-- ACTION ITEM --
Reproduce the full listing without a single change.

☆ ☆ ☆ ☆ ☆

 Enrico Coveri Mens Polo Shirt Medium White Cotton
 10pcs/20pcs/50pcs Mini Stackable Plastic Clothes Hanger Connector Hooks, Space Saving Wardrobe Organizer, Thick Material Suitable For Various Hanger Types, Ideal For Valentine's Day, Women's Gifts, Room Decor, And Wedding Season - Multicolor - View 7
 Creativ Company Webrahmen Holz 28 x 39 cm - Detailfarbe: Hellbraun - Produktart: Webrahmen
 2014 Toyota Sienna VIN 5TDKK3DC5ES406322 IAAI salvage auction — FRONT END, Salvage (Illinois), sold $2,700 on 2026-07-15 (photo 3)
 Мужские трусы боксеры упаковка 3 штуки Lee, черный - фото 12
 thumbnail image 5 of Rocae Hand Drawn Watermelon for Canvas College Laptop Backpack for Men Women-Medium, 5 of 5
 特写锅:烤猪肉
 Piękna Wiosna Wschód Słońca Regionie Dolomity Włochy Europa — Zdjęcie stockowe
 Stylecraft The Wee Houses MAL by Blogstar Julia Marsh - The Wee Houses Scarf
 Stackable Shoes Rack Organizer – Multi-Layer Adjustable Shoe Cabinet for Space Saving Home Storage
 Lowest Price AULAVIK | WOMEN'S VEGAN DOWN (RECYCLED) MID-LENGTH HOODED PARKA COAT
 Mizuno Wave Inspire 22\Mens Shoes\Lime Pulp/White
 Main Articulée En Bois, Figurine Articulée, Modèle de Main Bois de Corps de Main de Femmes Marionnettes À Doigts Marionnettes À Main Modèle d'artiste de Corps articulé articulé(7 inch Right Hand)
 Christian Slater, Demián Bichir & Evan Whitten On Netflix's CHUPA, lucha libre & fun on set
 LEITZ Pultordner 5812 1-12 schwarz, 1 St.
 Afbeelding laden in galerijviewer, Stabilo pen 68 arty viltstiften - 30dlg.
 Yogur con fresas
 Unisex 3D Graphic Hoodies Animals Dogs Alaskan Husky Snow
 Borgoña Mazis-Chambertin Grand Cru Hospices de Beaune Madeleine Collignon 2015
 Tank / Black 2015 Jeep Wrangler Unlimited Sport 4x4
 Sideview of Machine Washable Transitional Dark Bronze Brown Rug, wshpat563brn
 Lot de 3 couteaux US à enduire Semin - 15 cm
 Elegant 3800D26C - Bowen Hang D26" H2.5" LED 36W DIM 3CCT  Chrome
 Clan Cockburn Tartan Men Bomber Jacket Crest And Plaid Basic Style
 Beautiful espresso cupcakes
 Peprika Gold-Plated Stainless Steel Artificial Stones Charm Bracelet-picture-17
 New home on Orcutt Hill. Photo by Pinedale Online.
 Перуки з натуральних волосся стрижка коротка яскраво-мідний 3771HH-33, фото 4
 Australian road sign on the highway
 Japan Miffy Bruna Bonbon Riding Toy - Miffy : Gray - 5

☆ ☆ ☆ ☆ ☆

-- YOUR SOLUTION --
 Enrico Coveri Mens Polo Shirt Medium White Cotton
 10pcs/20pcs/50pcs Mini Stackable Plastic Clothes Hanger Connector Hooks, Space Saving Wardrobe Organizer, Thick Material Suitable For Various Hanger Types, Ideal For Valentine's Day, Women's Gifts, Room Decor, And Wedding Season - Multicolor - View 7
 Creativ Company Webrahmen Holz 28 x 39 cm - Detailfarbe: Hellbraun - Produktart: Webrahmen
 2014 Toyota Sienna VIN 5TDKK3DC5ES406322 IAAI salvage auction — FRONT END, Salvage (Illinois), sold $2,700 on 2026-07-15 (photo 3)
 Мужские трусы боксеры упаковка 3 штуки Lee, черный - фото 12
 thumbnail image 5 of Rocae Hand Drawn Watermelon for Canvas College Laptop Backpack for Men Women-Medium, 5 of 5
 特写锅:烤猪肉
 Piękna Wiosna Wschód Słońca Regionie Dolomity Włochy Europa — Zdjęcie stockowe
 Stylecraft The Wee Houses MAL by Blogstar Julia Marsh - The Wee Houses Scarf
 Stackable Shoes Rack Organizer – Multi-Layer Adjustable Shoe Cabinet for Space Saving Home Storage
 Lowest Price AULAVIK | WOMEN'S VEGAN DOWN (RECYCLED) MID-LENGTH HOODED PARKA COAT
 Mizuno Wave Inspire 22\Mens Shoes\Lime Pulp/White
 Main Articulée En Bois, Figurine Articulée, Modèle de Main Bois de Corps de Main de Femmes Marionnettes À Doigts Marionnettes À Main Modèle d'artiste de Corps articulé articulé(7 inch Right Hand)
 Christian Slater, Demián Bichir & Evan Whitten On Netflix's CHUPA, lucha libre & fun on set
 LEITZ Pultordner 5812 1-12 schwarz, 1 St.
 Afbeelding laden in galerijviewer, Stabilo pen 68 arty viltstiften - 30dlg.
 Yogur con fresas
 Unisex 3D Graphic Hoodies Animals Dogs Alaskan Husky Snow
 Borgoña Mazis-Chambertin Grand Cru Hospices de Beaune Madeleine Collignon 2015
 Tank / Black 2015 Jeep Wrangler Unlimited Sport 4x4
 Sideview of Machine Washable Transitional Dark Bronze Brown Rug, wshpat563brn
 Lot de 3 couteaux US à enduire Semin - 15 cm
 Elegant 3800D26C - Bowen Hang D26" H2.5" LED 36W DIM 3CCT  Chrome
 Clan Cockburn Tartan Men Bomber Jacket Crest And Plaid Basic Style
 Beautiful espresso cupcakes
 Peprika Gold-Plated Stainless Steel Artificial Stones Charm Bracelet-picture-17
 New home on Orcutt Hill. Photo by Pinedale Online.
 Перуки з натуральних волосся стрижка коротка яскраво-мідний 3771HH-33, фото 4
 Australian road sign on the highway
 Japan Miffy Bruna Bonbon Riding Toy - Miffy : Gray - 5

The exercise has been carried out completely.